Our payment-service in production started returning 502 errors about 20 minutes ago. Error rate jumped from 0.1% to 12%. We deployed v2.4.1 an hour ago. The logs show “connection refused” from the downstream billing-api. No infrastructure changes.

Less effective prompt:

Payments are broken.

The first prompt gives the AI specific service names, error codes, timing, a recent deployment to investigate, and a downstream dependency to check. The second prompt forces the AI to ask clarifying questions before it can begin diagnosis.

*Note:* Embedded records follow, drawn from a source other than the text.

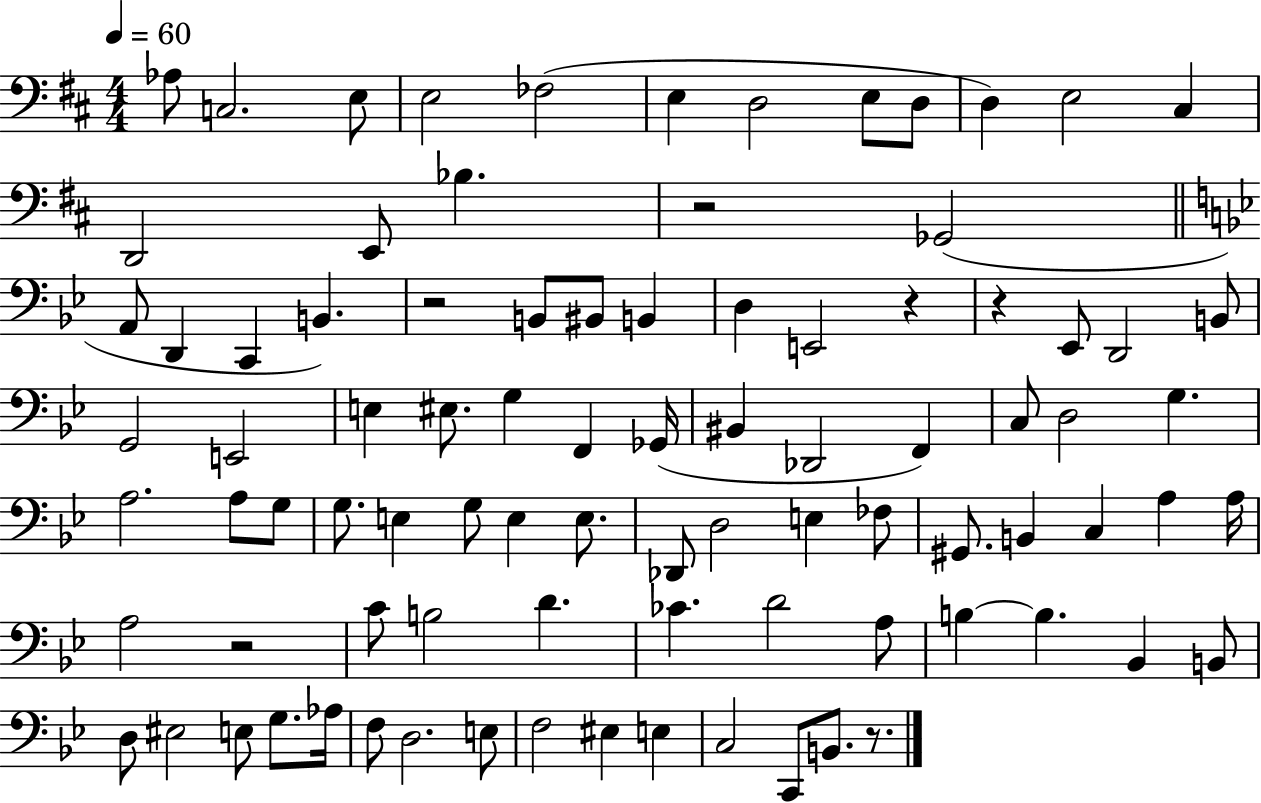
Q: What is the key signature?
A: D major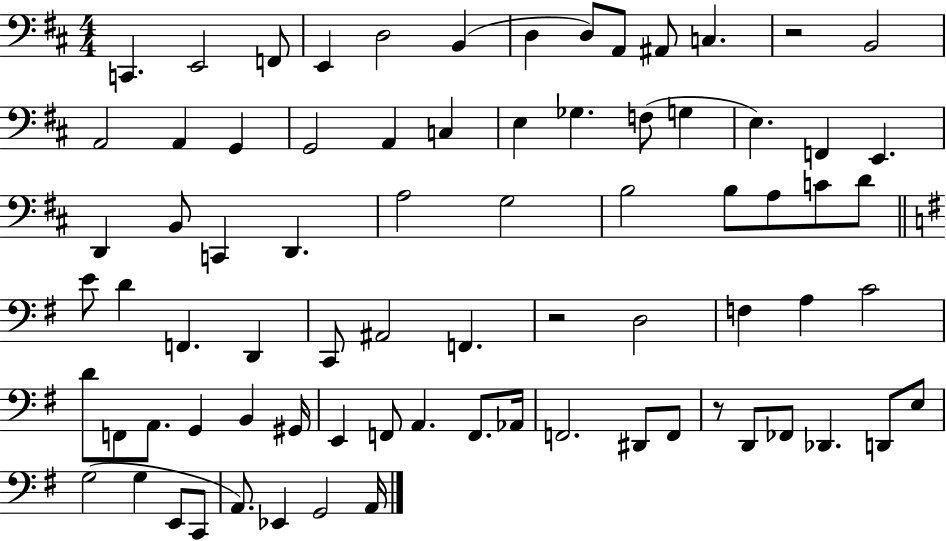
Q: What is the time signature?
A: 4/4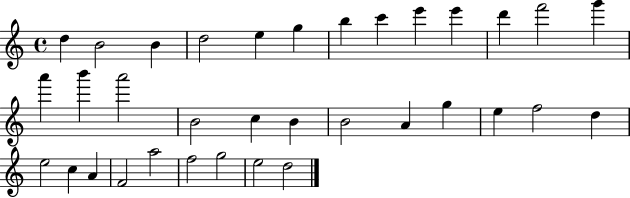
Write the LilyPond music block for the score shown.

{
  \clef treble
  \time 4/4
  \defaultTimeSignature
  \key c \major
  d''4 b'2 b'4 | d''2 e''4 g''4 | b''4 c'''4 e'''4 e'''4 | d'''4 f'''2 g'''4 | \break a'''4 b'''4 a'''2 | b'2 c''4 b'4 | b'2 a'4 g''4 | e''4 f''2 d''4 | \break e''2 c''4 a'4 | f'2 a''2 | f''2 g''2 | e''2 d''2 | \break \bar "|."
}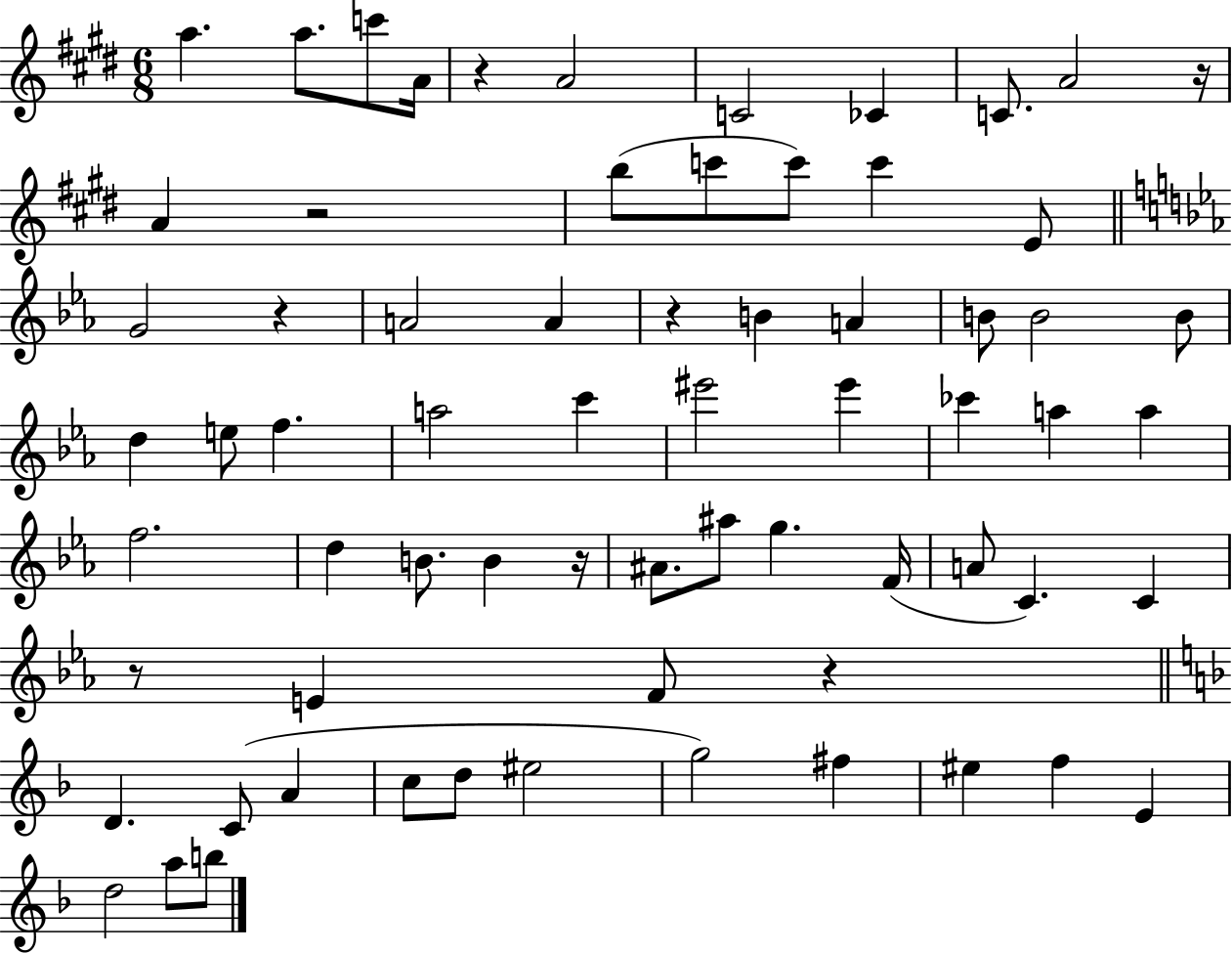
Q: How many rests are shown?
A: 8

To reduce costs and improve response times, Overwatch caches AI responses and reuses them when a semantically similar query is asked.

How it works:

  • When you send a message, the system generates an embedding (a vector representation) of your query.
  • If a cached response exists with a similarity score above the threshold (0.95), the cached answer is returned instead of calling the LLM.
  • Cache entries have a 30-day time-to-live and track hit counts for analytics.

What this means for you:

  • Common questions about well-known issues resolve faster (cached responses return in milliseconds).
  • Your organization saves 30-50% on AI inference costs over time.
  • The cache is scoped to your organization — other organizations cannot see or access your cached responses.
  • Unique or novel queries always go to the live LLM for a fresh response.

Overwatch applies multiple layers of protection to the AI Chat system.

Prompt injection detection All user input is screened for prompt injection patterns before being sent to the LLM. Attempts to manipulate the AI’s system instructions or extract internal configuration are blocked and logged.

Organization-scoped data isolation Every chat conversation, cached response, and knowledge base entry is scoped to your organization. There is no cross-organization data leakage. Multi-tenant isolation is enforced at the database, cache, and vector search layers.

No training on customer data Your conversations and incident data are never used to train or fine-tune AI models. Data flows to AWS Bedrock for inference only and is not retained by the model provider.

Encrypted in transit All communication between the Chrome extension, the Overwatch backend, and AWS Bedrock uses TLS 1.3 encryption.

  1. Verify you are logged into the Overwatch extension (check for your avatar in the side panel).
  2. Confirm the WebSocket connection indicator shows green in the dashboard.
  3. Check that your organization’s AI quota has not been exhausted.
  4. Refresh the side panel by closing and reopening it (Ctrl+Shift+I / Cmd+Shift+I).
  • Add more context to your messages — specific service names, error messages, and metrics.
  • Confirm the incident is linked to the correct service in the service registry.
  • Check whether the conversation has drifted from the original topic. Starting a new chat session can help.
  • Verify the Helper CLI is installed and running (overwatch-helper status).
  • Confirm the Helper is authenticated with your Overwatch instance.
  • Check that the command you expect is on the Helper’s allowlist. See the Helper CLI documentation for supported commands.
  • Add unique, situation-specific detail to your query to bypass the semantic cache.
  • Administrators can clear the organization cache from the settings panel if needed.